J'ai hâte que les québécois réalisent qu'ils paient pour une panoplie de programmes et organismes dont ils ne connaissent même pas l'existence et l'utilité. Ce jour là, le visage polique va beaucoup changer et les gouvernements vont reconnaître que ce sont les contribuables les mieux placés pour dépenser l'argent qu'ils gagnent.

Micheline Landry, St-Georges

6 octobre 2008

Sans chercher à vouloir vous contredire, monsieur Auger, étant donné que je subodore que vous êtes mieux informé que moi ; j'ai le sentiment que nous divaguons et que vous surestimez le poids des leader régionaux et la décision peu populaire dans certains milieux du ministre Blackburn. Quant au fait qu'il n'y aura probablement pas de vague bleue Conservatrice à travers la Province. Je pense en ces termes que c'est monsieur Duceppe qui a raison, en cette occurrence que les électeurs sont beaucoup plus intelligents qu'ils ne le paraissent. Et je tiens à dire que je ne suis pas un électeur blocquiste, que j'ai voté Conservateur (ce devait être en 2006), qu'en politique je ne suis pas influençable et que je ne voterai pas pour le parti de monsieur Harper en 2008, j'en conclus qu'avec le temps, je suis comme le bon vin, que je m'améliore et que si on continue de me prendre comme électeur pour un idiot je risquerais de finir ma vie souverainiste... Et c'est possible que je ne sois pas le seul citoyen dans ce cas ! J'aimerais rappeler à ce sujet que ce sont en démocratie et en principe les électeurs qui font leur choix et pas les commentaires du maire de Québec qui font ou défont une majorité confédérale dans sa propre région.
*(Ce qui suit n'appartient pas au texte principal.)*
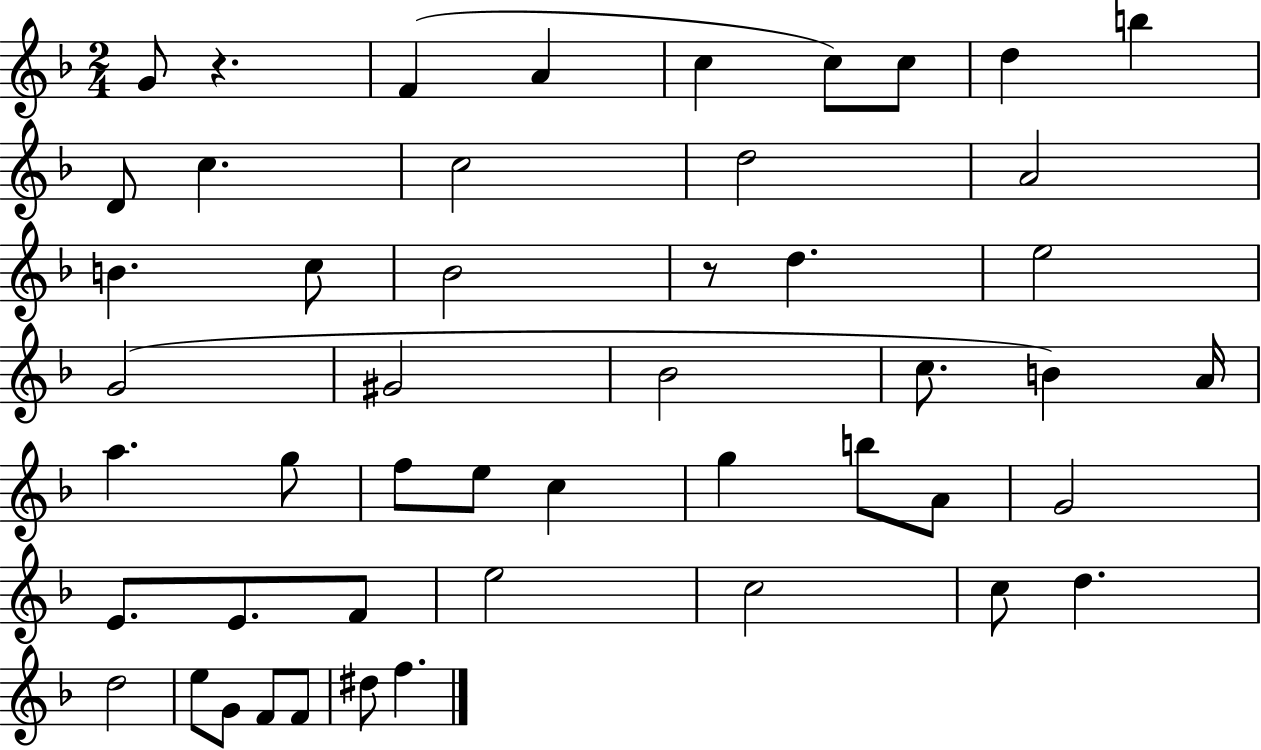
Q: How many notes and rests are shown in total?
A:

Serge Drouginsky, Montréal

6 octobre 2008

À mon avis, c'est bien plus qu'une petite erreur. 
 
Comme vous le disiez, les Comités industriels de développement et les CADCs du Québec sont (étaient) de puissants outils de développement économique régional et de prise en charge locale. En fait, les conservateurs ne veulent pas couper des postes de fonctionnaire mais bien revenir au bon vieux népotisme d'antant. C'est aussi ce qu'ils veulent faire Avec la culture; on coupe les programmes et ont dit à ceux qui veulent développer des projets : « venez maintenant quémander chez votre député et faites bien attention que votre projet représente bien NOTRE vision du Canada (religieux, de droite et militaire). Il faudrait aller quémander notre argent (nos taxes)! Non merci. 
 
Ce gouvernement s'attaque systématiquement à nos institutions comme Élection Canda, la vérificatrice générale, le programme de financement juridique, etc. parce qu'elles sont notre seul rempart contre l'obscurantisme et ils le savent. Ça faisait plus de vingt ans qu'ils rageaient dans leur coin ces idéologues d'extrême droite et maintenant ils se payent la traite. 
 
Selon moi, c'est à Ottawa qu'il y a trop de « pousseux » de crayons, pas en région!

Yves Coulombe, Montréal

6 octobre 2008

Hmmm, bon rappel que cette décision de Blackburn, soit le mépris et le tort causé aux Régions. 
 
Mais reste à savoir comment réagira l'autre moitié des électeurs/ices du Québec, soit la région de Montréal ; celle-ci étant si souvent, et si malheureusement pour la solidarité citoyenne, en opposition virulente avec les Régions.